/car-insurance-tool

This tool recognizes a car plate from a video and confirms from the car registry whether the vehicle exists.

Primary LanguageJupyter Notebook

Documentation for the car license plate recognition tool (CaLPReT)

1. Installation

The tool is written in Python 3.5.2. Although untested, it should also work with other Python versions. Following are the dependencies required to successfully use the tool.

1.1. Command line tools

The following command line tools are used by the tool:

  • ffmpeg - partitiones the video into frames (i.e. images, snapshots from the video)
  • mogrify - converts .jpg to .png images and rotates them (only used when the uploaded file is an image, not a video file), part of ImageMagick suite
  • exiftool - extracts metadata from the uploaded file
  • alpr - detects license plate numbers from images/frames (https://github.com/openalpr/openalpr)

1.2. Python packages

The following Python packages should be installed:

  • django - for the user interface
  • cv2 - for image processing tasks (install via “pip install opencv-python”)
  • numpy - for image processing tasks
  • requests - HTTP for Humans (install via “pip install requests”)

1.3. Running the tool

To run the tool, follow these steps:

  1. Navigate to the folder: carInsuranceUI
  2. Only before the first usage, run the commands:
    1. python manage.py makemigrations
    2. python manage.py migrate
  3. Run the command: python manage.py runserver
  4. Navigate to: localhost:8000 in your browser. (Note: 8000 is the default port. To use a different port, use the following command to run django: python manage.py runserver 0.0.0.0:<your_port>)
  5. Upload an image/video file via the user interface.
  6. Wait… (can take up to 1-2 minutes, depending on the duration of the video and how early suitable results are found)
  7. Enjoy the results!

userinterface

2. Description of the approach

In general, the CaLPReT tool executes the following steps after a file is uploaded:

  1. Saves the file
  2. Extracts frames in case of a video file
  3. Loops over the frames, in attempt to detect license plates on:
    1. the original frame
    2. the preprocessed frame, where the licence plate is cropped from the image and brought into perspective (if the license plate was tilted in the original image, it becomes straight) Stops looping if results are found with sufficient confidence.
  4. For each found result, the CaLPReT tool makes a request to the RDW to check if this plate number exists. In case it is, it adds additional information about the car (color, brand) when possible.

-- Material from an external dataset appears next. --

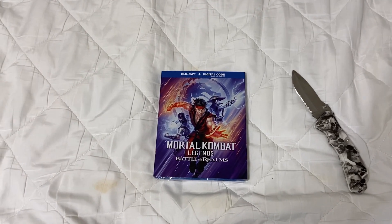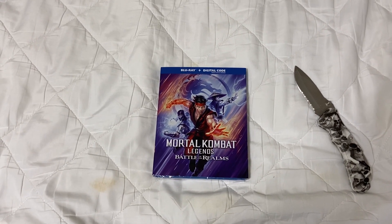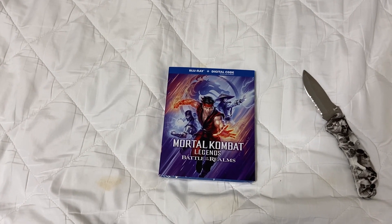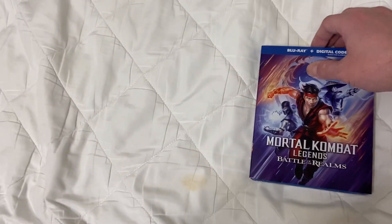Today I am back with another unboxing video. It is of Mortal Kombat Legends Battle of the Realms for Blu-ray and Digital Code. It is the sequel to Mortal Kombat Legends Scorpion's Revenge and the second film in the Mortal Kombat Legends series overall. But anyway, let's get it.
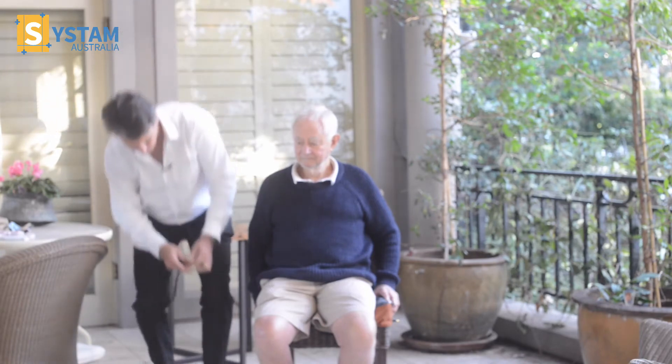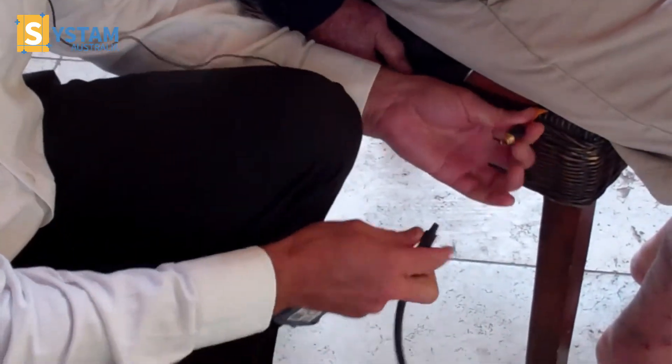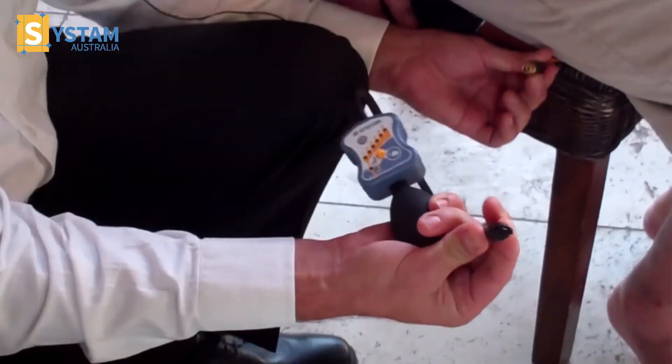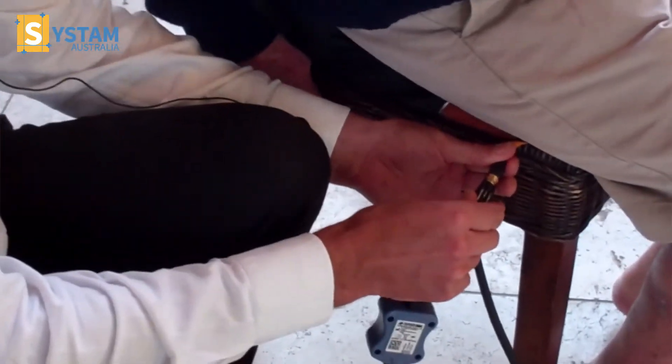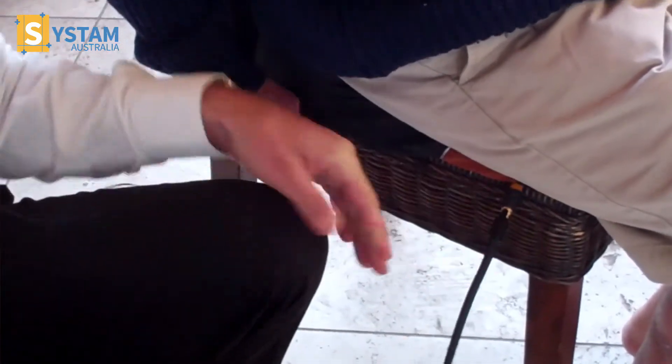So I've got the pump here. We'll find the valve on the right hand side and pull it out. We grab the end of the hose and we locate it over the top of the valve and we just push it in. It's nice and secure.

Inspiration for image processing is taken from these tutorials:

3. Discussion on the results

3.1. License plate detection

Some cases can be problematic to detect for CaLPReT. Mostly, they fall into the following categories:

  1. The plate number is square (not rectangular).
  2. The video does not focus on the license plate for a reasonable time. In this case, the license plate on the frames extracted from the video is blurred (not sharp enough).
  3. Sometimes the correct plate number is found, but RDW API says this number does not exist.

3.2. Video manipulation check

For the video manipulation check, a number of metadata attributes are presented along with the results. These metadata attributes are selected so that they distinguish the “Edited_video.mp4” from other videos. In order to make this approach more reliable (currently it is not as it is based on one video only), more labeled data would be needed. (“Labeled” means that along with the video also the information is provided which videos are manipulated and which are not).

3.3. Time performance

There is a tradeoff between reliability (being able to find results) and speed of the result search. Current approach generates frames from the video with high granularity (lots of frames are generated) and loops over them until results are found. This process usually takes approximately 30-90 seconds for a single file. If the better time performance is of essence, there are various tricks that can be tried to make the file processing faster. For example:

  1. To generate frames with lower granularity.
  2. To generate BMP files instead of PNG (for video frames).
  3. Decrease the confidence level (in file carInsuranceUI/gui/utils.py, change the constant CONF_LEVEL).